The biomarkers compiled in Table 1 were all decreased in patients with ESRD compared to the control group. Plasminogen activator inhibitor type 1 was markedly decreased in patients with ESRD showing a 46% change when compared to the results of the normal. Antiannexin V IgM and tPA-PAI-1 complex were also decreased in patients with ESRD by 43% and 29%, respectively. Less dramatic reductions were notable in the AT with a change of 23% and sL-selectin with a percentage of change of 18%. In this study, ICAM-1 levels were not significantly different between the 2 groups.

Table 1.

A Comparison of Various ELISA-Measured Parameters Decreased in ESRD.^a

Parameter	Normal	ESRD	% Change	P Value
tPA-PAI-1 complex	10.04 ± 1.02	7.08 ± 0.88	−29	.007
PAI-1	206.79 ± 26.72	111.29 ± 10.42	−46	<.0001
Antiannexin V IgM	41.83 ± 3.20	23.81 ± 2.99	−43	<.0001
Functional AT	41.71 ± 4.01	32.09 ± 2.78	−23	<.0001
sL-selectin	1069.46 ± 67.95	894.37 ± 81.21	−18	.0012
sICAM-1^b	11.93 ± 0.77	11.11 ± 0.67	−7	.6768

Abbreviations: AT, antithrombin; ELISA, enzyme-linked immunosorbent assay; ESRD, end-stage renal disease; IgM, immunoglobulin M; SEM, standard error of the mean; sICAM-1, soluble intercellular adhesion molecule 1; tPA-PAI-1, tissue plasminogen activator–plasminogen activator inhibitor type 1.

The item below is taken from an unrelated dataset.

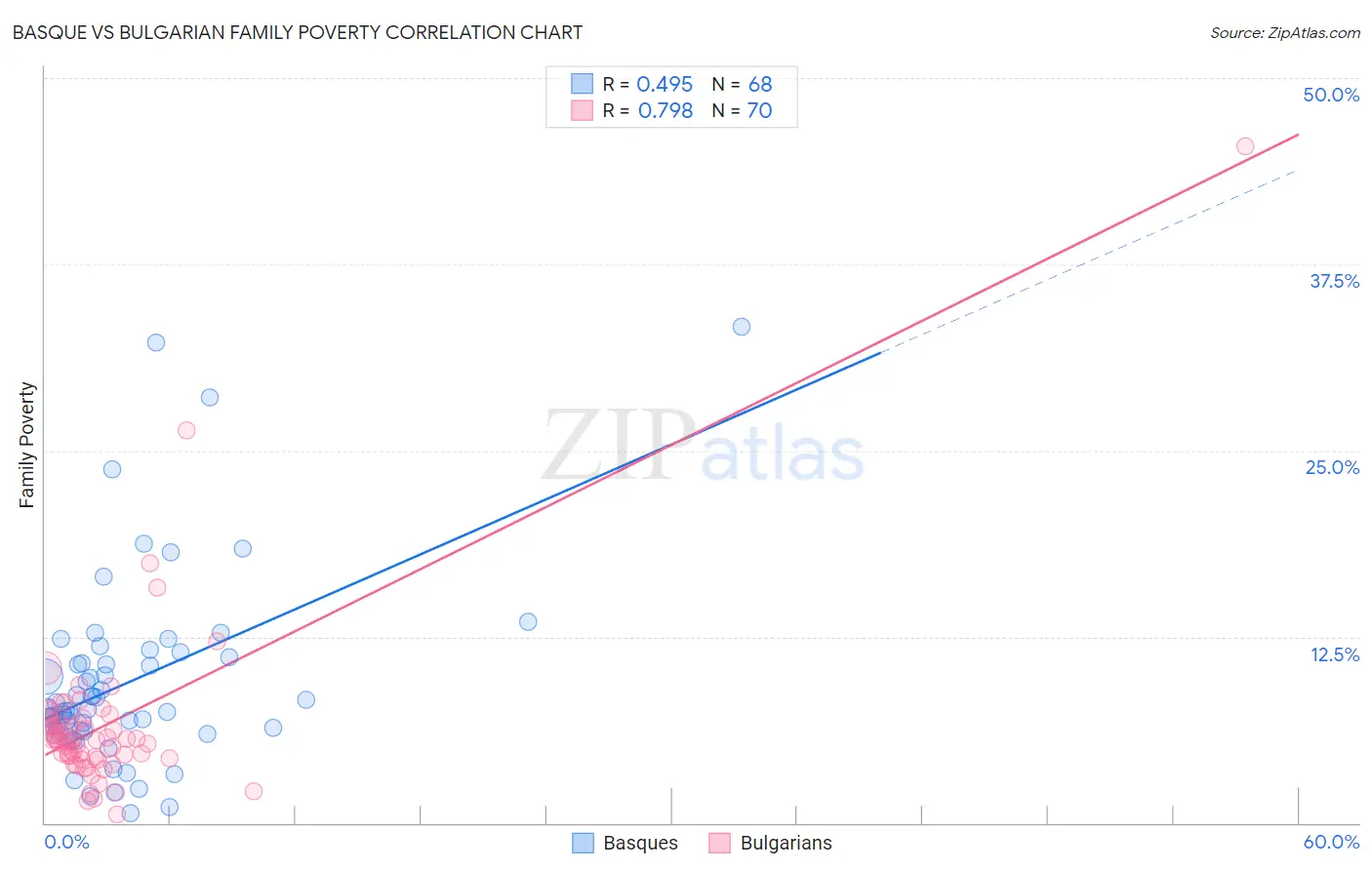 Basque vs Bulgarian Family Poverty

^aData presented as mean ± SEM.

^bNot statistically significant.

Biomarkers depicted in Table 2 all demonstrated an increase in the ESRD group when compared to the control group. The activity of vWF was the most significant showing a percentage of change of 1168%. Thrombomodulin was also markedly elevated in patients with ESRD having a change of 963%. Data for MPO and IL-1β also suggested higher levels of these biomarkers in the ESRD group, but these variations were not statistically significant. The composite circulating levels of tPA-PAI-1 complex, PAI-1, anti-annexin V IgM, functional AT, sL-selectin, and vWF activity in the ESRD group in comparison to the normal is given in Figure 1. As can be seen most of the parameters shown in this figure are decreased with the exception of vWF activity where a slight increase was noted.

Figure 1.

Circulating concentrations of tissue plasminogen activator–plasminogen activator inhibitor type 1 (tPA-PAI-1) complex, PAI-1, antiannexin V IgM, functional antithrombin (AT), sL-selectin, and von Willebrand factor (vWF) activity in the end-stage renal disease (ESRD) group in comparison to the normals. All results represented here show the mean ± standard error of the mean (SEM).

Table 2.

A Comparison of Various ELISA-Measured Parameters Increased in ESRD.^a

Parameter	Normal	ESRD	% Change	P Value
MPO^b	16.74 ± 3.41	23.78 ± 3.92	42	.7187
TM	1.11 ± 0.37	11.80 ± 1.08	963	<.0001
vWF activity	1.11 ± 0.32	14.08 ± 1.27	1168	<.0001
IL-1β^b	12.65 ± 0.75	12.93 ± 0.43	2	.196

Abbreviations: ELISA, enzyme-linked immunosorbent assay; ESRD, end-stage renal disease; IL-1β, interleukin 1β; MPO, myeloperoxidase; SEM, standard error of the mean; TM, thrombomodulin; vWF, von Willebrand factor.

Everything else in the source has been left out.